> _PROBLEM REQUIREMENTS_: Write out the line that holds "Image of BagBoy" together with every line that follows it to the end of the material below, exactly. Omit the pictures.
=== DATA EXCERPTS ===
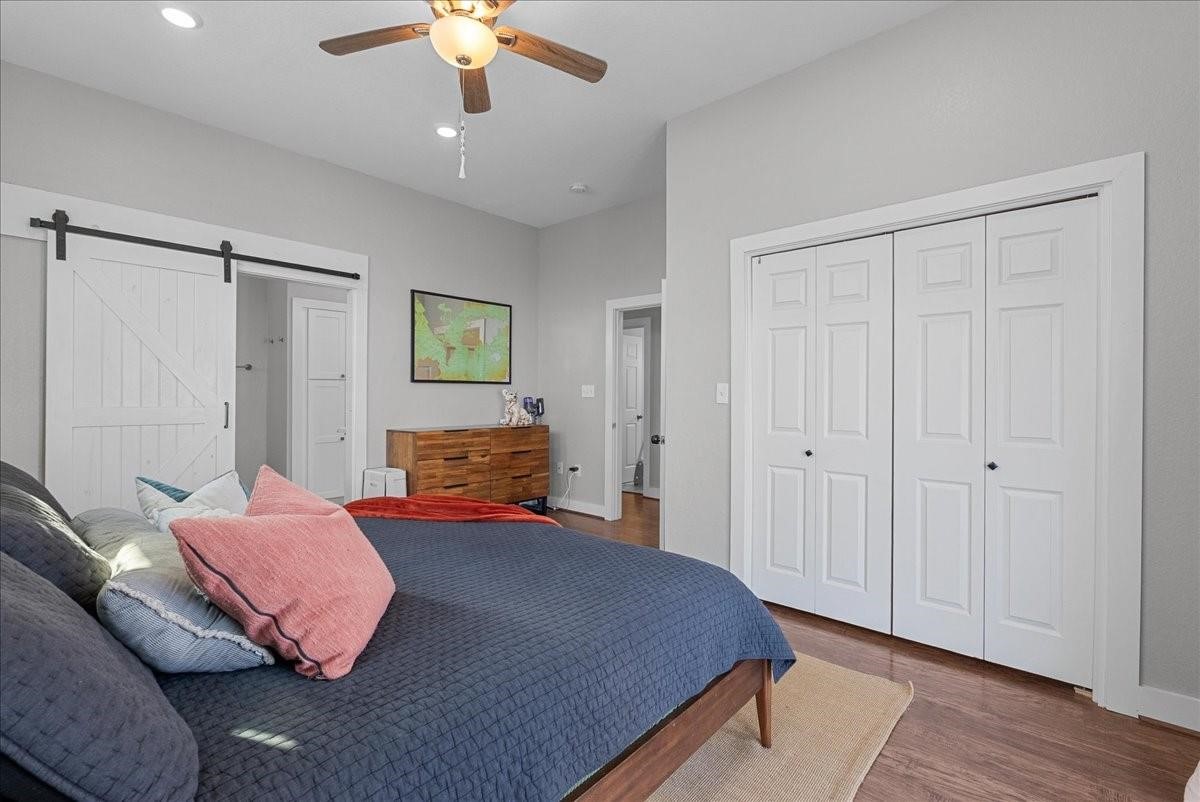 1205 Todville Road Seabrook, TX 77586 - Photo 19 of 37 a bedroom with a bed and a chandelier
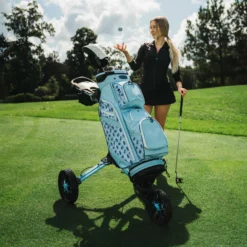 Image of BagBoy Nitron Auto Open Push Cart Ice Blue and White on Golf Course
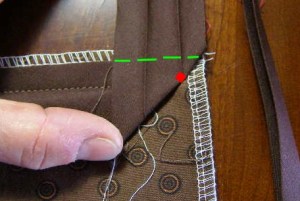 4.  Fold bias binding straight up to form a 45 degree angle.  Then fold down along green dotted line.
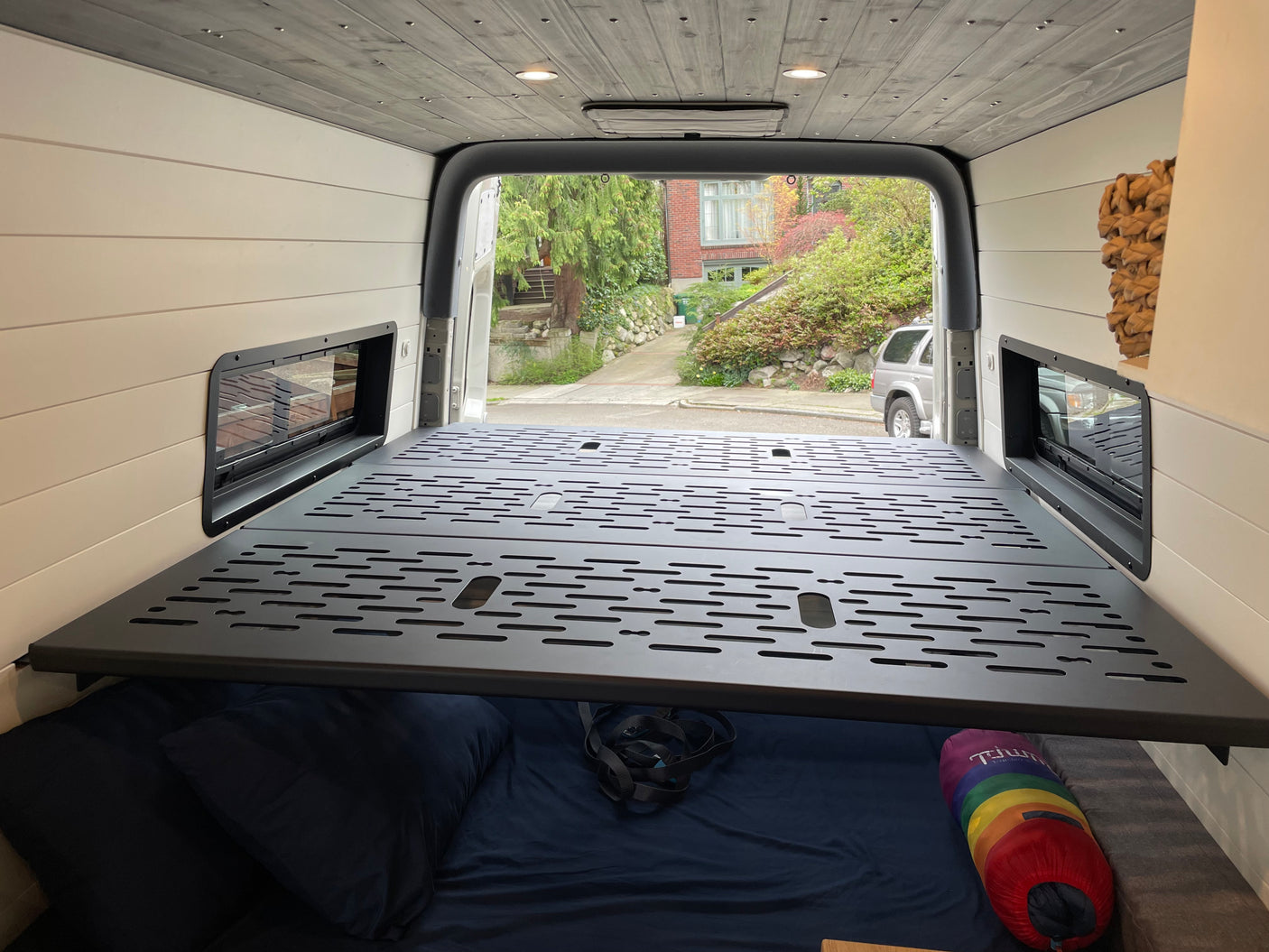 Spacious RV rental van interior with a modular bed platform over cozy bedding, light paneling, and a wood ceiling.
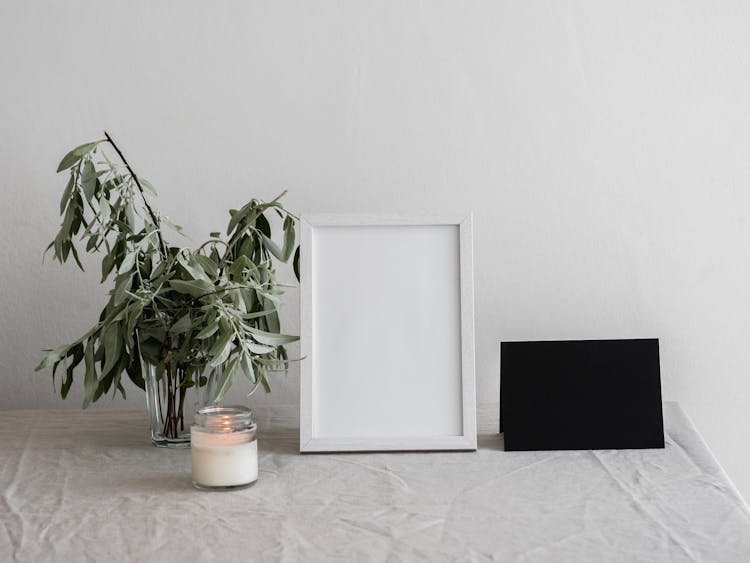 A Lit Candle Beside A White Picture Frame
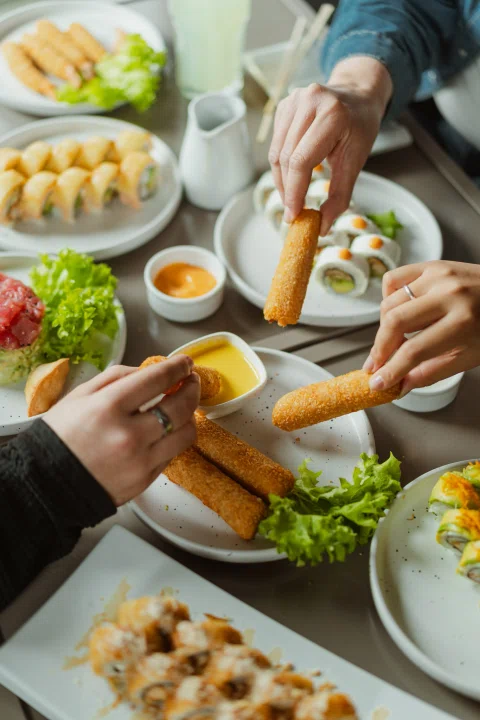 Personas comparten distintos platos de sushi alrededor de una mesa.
===
> _EXERCISE OUTPUT_:
 Image of BagBoy Nitron Auto Open Push Cart Ice Blue and White on Golf Course
 4.  Fold bias binding straight up to form a 45 degree angle.  Then fold down along green dotted line.
 Spacious RV rental van interior with a modular bed platform over cozy bedding, light paneling, and a wood ceiling.
 A Lit Candle Beside A White Picture Frame
 Personas comparten distintos platos de sushi alrededor de una mesa.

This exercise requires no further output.